Dean Jeffers said he plans to open a tattoo parlor in Union, but that type of business does not fit into any current zoning codes.
“There is nothing in the current land use code that fits (tattoo parlors) exactly,” City Administrator Russell Rost told planning board members Monday.
“Personal services comes close,” he added. “That includes beauty shops and barbers which are also licensed by the state.”
The zoning board is recommending that tattoo shops be permitted in B-1 and B-2 business districts, and allowed in B-3 zoning districts under a conditional use permit.
Rost added that mirrors personal service land use.
The board of aldermen must approve an ordinance to change the city’s land use codes to includes tattoo parlors as a permitted use.
Rost told The Missourian that the land use codes were developed in the 1980s when there were tattoo parlor primarily in larger cities.

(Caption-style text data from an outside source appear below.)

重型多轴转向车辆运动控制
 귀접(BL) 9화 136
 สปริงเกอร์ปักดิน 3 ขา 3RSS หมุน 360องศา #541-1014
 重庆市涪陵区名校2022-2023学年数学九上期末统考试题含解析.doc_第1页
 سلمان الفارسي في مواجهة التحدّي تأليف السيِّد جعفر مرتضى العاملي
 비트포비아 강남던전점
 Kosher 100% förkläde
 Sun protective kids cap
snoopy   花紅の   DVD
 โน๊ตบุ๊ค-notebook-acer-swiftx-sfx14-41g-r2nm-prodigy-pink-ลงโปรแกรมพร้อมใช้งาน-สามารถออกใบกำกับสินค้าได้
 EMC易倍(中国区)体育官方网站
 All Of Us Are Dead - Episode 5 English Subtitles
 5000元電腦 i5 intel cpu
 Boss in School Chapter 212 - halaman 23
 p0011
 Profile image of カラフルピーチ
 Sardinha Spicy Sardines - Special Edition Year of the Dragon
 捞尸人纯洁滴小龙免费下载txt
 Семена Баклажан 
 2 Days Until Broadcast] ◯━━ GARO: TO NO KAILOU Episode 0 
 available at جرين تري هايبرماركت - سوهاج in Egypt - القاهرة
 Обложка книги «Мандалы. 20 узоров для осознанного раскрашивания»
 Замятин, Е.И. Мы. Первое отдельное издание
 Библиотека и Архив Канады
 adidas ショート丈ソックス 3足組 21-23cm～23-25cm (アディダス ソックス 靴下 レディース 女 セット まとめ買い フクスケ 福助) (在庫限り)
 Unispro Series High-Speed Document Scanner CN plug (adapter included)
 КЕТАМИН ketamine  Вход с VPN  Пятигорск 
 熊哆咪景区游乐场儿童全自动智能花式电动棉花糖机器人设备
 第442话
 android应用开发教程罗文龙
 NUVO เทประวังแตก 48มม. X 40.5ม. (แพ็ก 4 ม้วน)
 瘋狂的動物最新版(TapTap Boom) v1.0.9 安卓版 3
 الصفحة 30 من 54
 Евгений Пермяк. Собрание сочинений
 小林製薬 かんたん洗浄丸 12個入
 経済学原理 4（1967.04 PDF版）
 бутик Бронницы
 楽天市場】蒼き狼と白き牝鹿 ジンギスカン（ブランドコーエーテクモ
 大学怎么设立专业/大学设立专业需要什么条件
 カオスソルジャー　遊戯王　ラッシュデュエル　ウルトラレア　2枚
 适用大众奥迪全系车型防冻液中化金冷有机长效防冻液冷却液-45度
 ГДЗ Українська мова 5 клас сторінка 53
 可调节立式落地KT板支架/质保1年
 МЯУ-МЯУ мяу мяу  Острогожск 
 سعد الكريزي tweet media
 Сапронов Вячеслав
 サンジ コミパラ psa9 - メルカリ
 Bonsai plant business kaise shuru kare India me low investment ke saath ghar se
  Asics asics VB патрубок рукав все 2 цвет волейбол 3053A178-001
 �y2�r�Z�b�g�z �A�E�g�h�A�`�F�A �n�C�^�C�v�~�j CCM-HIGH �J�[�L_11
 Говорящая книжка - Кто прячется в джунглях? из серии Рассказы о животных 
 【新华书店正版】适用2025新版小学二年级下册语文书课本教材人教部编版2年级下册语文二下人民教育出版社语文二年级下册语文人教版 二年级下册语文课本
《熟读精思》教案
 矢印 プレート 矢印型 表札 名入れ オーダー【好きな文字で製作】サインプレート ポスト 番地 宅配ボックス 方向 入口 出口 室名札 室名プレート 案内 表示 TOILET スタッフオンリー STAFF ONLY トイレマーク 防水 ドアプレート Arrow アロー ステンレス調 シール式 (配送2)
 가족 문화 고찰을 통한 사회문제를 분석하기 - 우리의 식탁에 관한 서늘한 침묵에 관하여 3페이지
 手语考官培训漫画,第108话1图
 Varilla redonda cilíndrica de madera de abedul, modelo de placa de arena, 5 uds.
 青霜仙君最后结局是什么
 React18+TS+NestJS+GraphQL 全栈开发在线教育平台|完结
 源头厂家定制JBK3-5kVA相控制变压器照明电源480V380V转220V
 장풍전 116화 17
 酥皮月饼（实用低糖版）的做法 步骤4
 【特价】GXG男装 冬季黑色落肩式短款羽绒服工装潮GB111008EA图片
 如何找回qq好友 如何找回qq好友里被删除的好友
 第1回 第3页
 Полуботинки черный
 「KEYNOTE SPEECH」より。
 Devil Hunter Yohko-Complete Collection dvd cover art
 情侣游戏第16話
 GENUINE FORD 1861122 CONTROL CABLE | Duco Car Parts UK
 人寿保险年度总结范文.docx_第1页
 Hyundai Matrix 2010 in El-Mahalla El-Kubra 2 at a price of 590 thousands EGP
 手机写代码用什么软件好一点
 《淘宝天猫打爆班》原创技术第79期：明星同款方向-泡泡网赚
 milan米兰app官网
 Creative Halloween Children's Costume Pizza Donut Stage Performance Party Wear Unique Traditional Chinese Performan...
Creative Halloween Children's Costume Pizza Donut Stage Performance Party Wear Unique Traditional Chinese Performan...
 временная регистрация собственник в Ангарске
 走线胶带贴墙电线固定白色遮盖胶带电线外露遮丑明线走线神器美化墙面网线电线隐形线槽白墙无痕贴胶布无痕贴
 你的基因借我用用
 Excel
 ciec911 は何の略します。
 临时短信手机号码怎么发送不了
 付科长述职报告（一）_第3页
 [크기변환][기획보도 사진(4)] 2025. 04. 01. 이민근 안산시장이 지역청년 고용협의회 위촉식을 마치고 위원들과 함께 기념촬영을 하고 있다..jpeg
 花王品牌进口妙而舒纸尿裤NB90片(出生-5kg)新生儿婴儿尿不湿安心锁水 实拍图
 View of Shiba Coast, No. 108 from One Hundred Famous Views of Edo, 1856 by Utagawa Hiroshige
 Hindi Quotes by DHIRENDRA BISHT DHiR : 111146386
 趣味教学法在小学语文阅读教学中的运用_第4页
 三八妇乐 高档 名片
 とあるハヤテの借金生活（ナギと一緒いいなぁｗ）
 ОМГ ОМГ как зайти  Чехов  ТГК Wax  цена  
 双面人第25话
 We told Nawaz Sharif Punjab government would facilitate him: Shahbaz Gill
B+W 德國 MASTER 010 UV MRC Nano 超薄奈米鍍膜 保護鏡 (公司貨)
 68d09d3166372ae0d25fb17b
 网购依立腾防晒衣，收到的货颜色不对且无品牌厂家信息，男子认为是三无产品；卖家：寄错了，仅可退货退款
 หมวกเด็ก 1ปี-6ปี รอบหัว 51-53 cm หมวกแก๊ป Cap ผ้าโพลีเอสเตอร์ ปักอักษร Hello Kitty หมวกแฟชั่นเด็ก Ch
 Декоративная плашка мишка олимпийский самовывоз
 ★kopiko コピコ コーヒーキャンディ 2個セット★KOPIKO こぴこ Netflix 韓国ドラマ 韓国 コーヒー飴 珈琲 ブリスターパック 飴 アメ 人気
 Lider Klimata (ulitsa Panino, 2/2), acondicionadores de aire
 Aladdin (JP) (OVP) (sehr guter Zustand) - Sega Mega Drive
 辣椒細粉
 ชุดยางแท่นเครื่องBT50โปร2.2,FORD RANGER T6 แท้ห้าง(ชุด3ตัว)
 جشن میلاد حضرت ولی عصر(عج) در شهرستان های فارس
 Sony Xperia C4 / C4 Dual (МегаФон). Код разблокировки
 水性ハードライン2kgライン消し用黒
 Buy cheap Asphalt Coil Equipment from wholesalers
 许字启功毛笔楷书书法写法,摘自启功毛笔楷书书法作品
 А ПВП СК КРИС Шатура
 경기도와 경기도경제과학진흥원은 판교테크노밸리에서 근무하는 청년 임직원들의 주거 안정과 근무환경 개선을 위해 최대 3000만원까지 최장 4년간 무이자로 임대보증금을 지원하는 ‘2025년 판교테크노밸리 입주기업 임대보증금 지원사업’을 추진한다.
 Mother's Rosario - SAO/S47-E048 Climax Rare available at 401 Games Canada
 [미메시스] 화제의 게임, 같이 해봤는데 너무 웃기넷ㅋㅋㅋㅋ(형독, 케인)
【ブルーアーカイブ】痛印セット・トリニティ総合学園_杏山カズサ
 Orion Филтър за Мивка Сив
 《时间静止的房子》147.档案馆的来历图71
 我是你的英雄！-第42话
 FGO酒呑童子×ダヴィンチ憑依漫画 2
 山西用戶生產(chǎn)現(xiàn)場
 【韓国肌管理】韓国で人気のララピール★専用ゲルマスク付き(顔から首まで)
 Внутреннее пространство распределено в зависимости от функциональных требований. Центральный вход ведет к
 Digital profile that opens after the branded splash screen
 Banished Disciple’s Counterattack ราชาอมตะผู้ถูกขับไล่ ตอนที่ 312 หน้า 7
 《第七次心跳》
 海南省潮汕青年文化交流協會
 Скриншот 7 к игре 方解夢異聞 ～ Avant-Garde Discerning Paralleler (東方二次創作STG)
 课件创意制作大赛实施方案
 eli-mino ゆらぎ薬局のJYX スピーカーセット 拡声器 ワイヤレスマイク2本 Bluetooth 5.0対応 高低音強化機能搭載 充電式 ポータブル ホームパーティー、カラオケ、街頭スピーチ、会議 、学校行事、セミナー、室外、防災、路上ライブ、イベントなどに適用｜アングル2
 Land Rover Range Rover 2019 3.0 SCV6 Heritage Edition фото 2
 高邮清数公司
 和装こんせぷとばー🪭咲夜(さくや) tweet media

“It’s a newer trend and they’re coming to smaller towns,” he said. “Now we have one that wants to locate here. We have to find the right zoning district.”
Jeffers said he is looking to open up a shop in downtown Union, or near East Central College. Both areas would be in a permitted district if the land use code is changed.
During the discussion on tattoo parlors, Community Development Director Joseph Graves said the city does not require proof of a state license for businesses in which state licensing is required.
Graves said businesses that are required to have county health department inspections must show proof of that inspection was passed. Those businesses include restaurants, childcare facilities and tattoo parlors.
Planning board member John Allen recommended that all businesses that require state licensing show proof of that license.
Rost said city officials will consider changing the business license policy to require proof of state licensing.
“We send out renewal business license notices in March and they are due in April,” Graves said. “We have plenty time to get adjusted.”